The unions include the Public Servants Association, the Health and Other Service Personnel Trade Union of South Africa and the South African Policing Union.
“This decision comes at a time when public servants continue to face sustained financial pressure due to rising living costs, increased household debt and stagnant real wage growth.”
The unions said the cumulative effect threatened access to affordable health care and had direct implications for worker wellbeing and the sustainability of public service delivery.
Gems was established through PSCBC Resolution 1 of 2006 as a social solidarity medical scheme and was never intended to operate as a commercial enterprise, they said.
Gems’ mandate was to expand access to health care, particularly for lower- and middle-income public servants, to provide affordable, sustainable and cost-effective medical cover and to promote equity, risk pooling and social solidarity within the public service.
“The repeated imposition of above-inflation contribution increases reflects a sustained departure from this mandate.”
They said instead of strengthening affordability and solidarity, the scheme has shifted financial pressures onto members.
The unions said Gems implemented a 13.4% contribution increase in 2025.
“The 9.8% increase from January 2026, followed by the 9.5% adjustment effective April 1 results in a cumulative increase of 23.2% over two years.
The unions said public servants received a 5.5% salary increase for 2025/26 and would receive a 4% salary increase for 2026/2027, effective April 2026. Inflation remained at about 3.5% in late 2025.
“The mismatch between wage adjustments and medical aid contribution increases is clear. Real income is being eroded. Workers are being forced to choose between health care and other basic necessities.”
According to the unions, the Council for Medical Schemes proposed an average membership contribution increase of 3.3% for 2026 was reasonable.
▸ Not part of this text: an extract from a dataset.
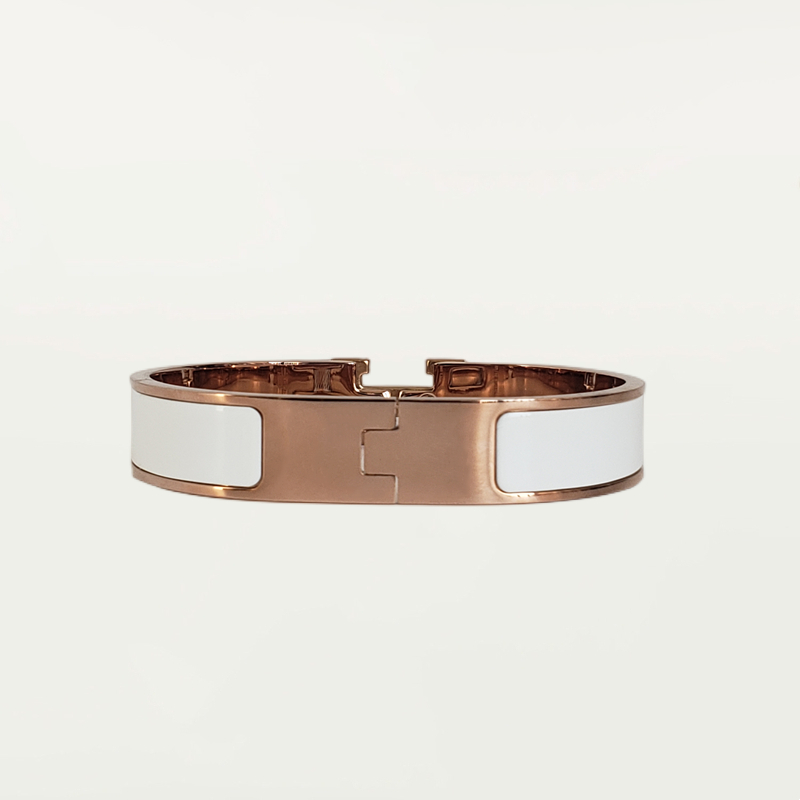 Designer Bangle Men Women Rose Gold Letter Bracelets Luxury Designer Jewelry Colorfast Hypoallergenic
Designer Bangle Men Women Rose Gold Letter Bracelets Luxury Designer Jewelry Colorfast Hypoallergenic
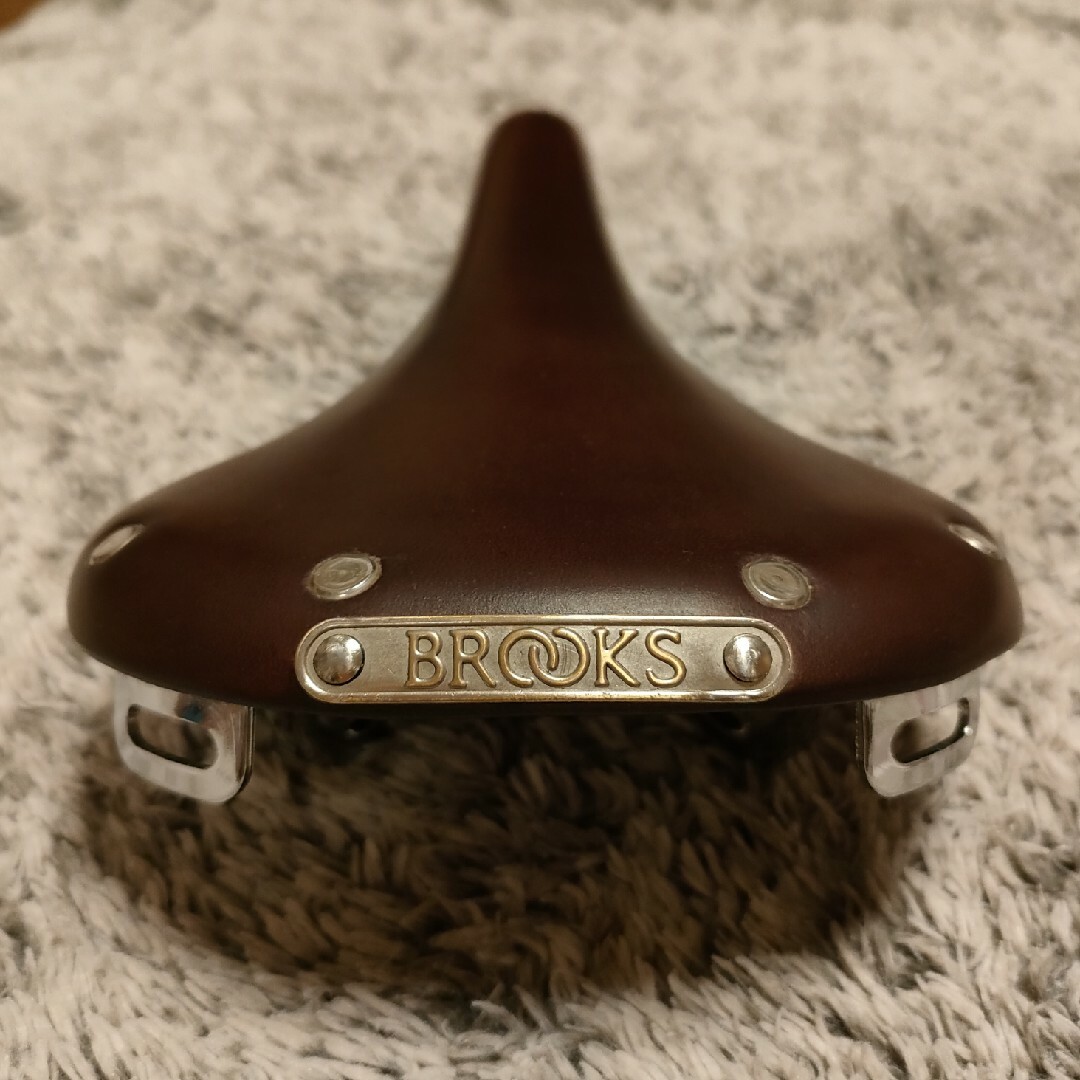 Brooks(ブルックス)の専用極美品　ブルックス brooks スワロー swallow B15 スポーツ/アウトドアの自転車(パーツ)の商品写真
The membership increases by Gems “significantly exceeds the regulator’s benchmark”, they said.
The unions remained deeply concerned about governance and operational deficiencies at Gems, including: weak accountability and insufficient consequence management, continued outsourcing of administrative functions nearly two decades after the establishment of the scheme, and high administrative costs reflected in annual reporting.
They said they were also concerned about executive and board remuneration practices misaligned with public service norms and limited transparency regarding operational budgets and line items.
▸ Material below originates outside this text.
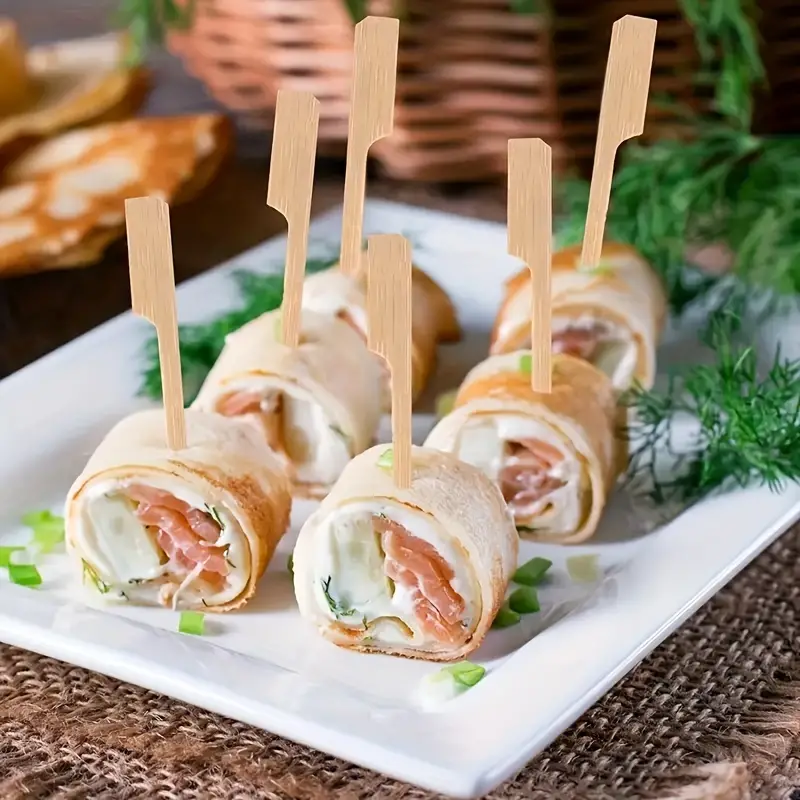 Natural Bamboo BBQ Grilling Skewers Disposable Bamboo Sticks for Parties, Kabobs & Fruit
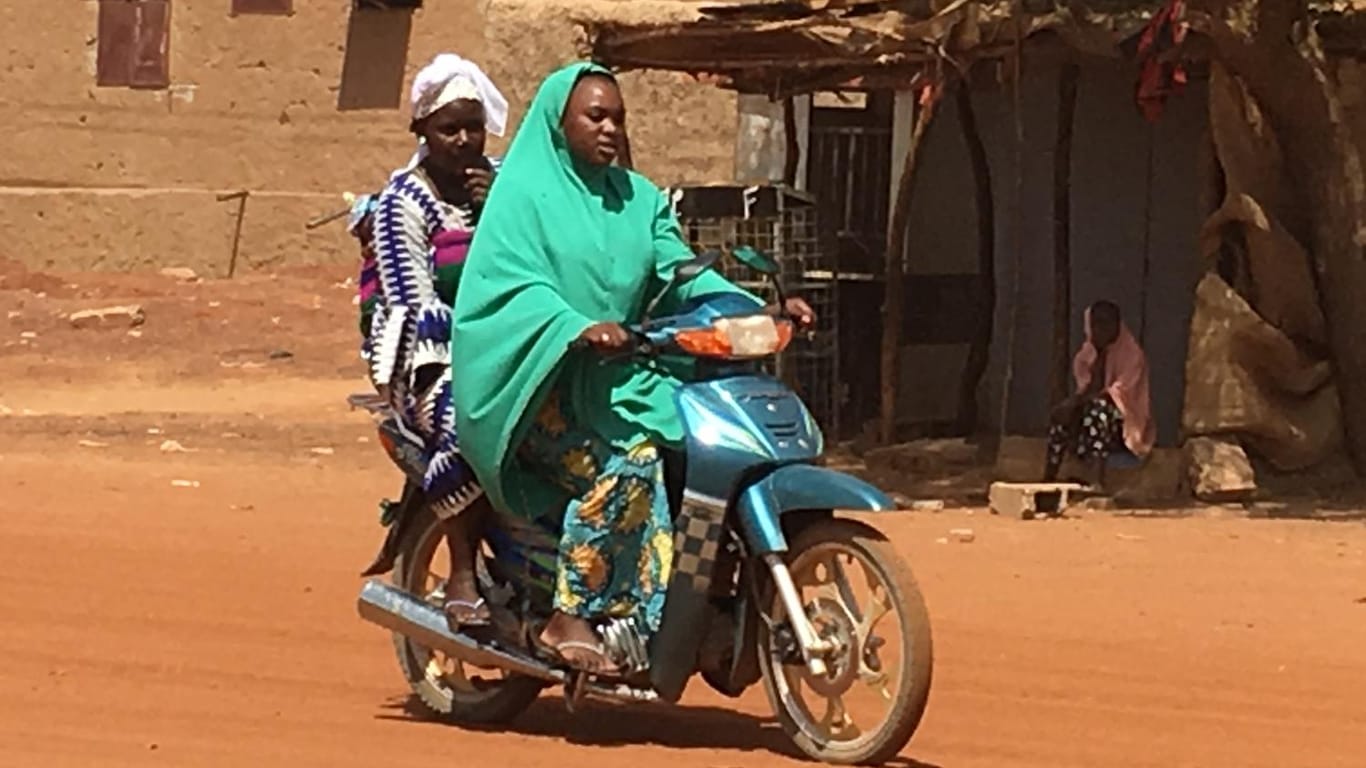 Beliebtes Fortbewegungsmittel und überall in Mali zu sehen: kleine Motorräder.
“Instead of addressing these structural cost drivers, members are being required to absorb escalating increases.”
They also said there had been no meaningful restructuring of benefit options to strengthen affordability for lower-income public servants.
“Risk pooling and cross-subsidisation mechanisms have not been sufficiently enhanced. The consequence is that some members downgrade benefits or exit the scheme entirely.”
The unions demanded the immediate withdrawal of the 9.8% increase from January and the 9.5% adjustment from April 1.
They also demanded a forensic audit into governance, finances, procurement practices and administrative expenditure.
“Organised labour in the PSCBC will embark on a co-ordinated programme of action, including a march and demonstration to the Gems head office on February 21 and engagements with the ministers responsible for public service and administration, health and finance.”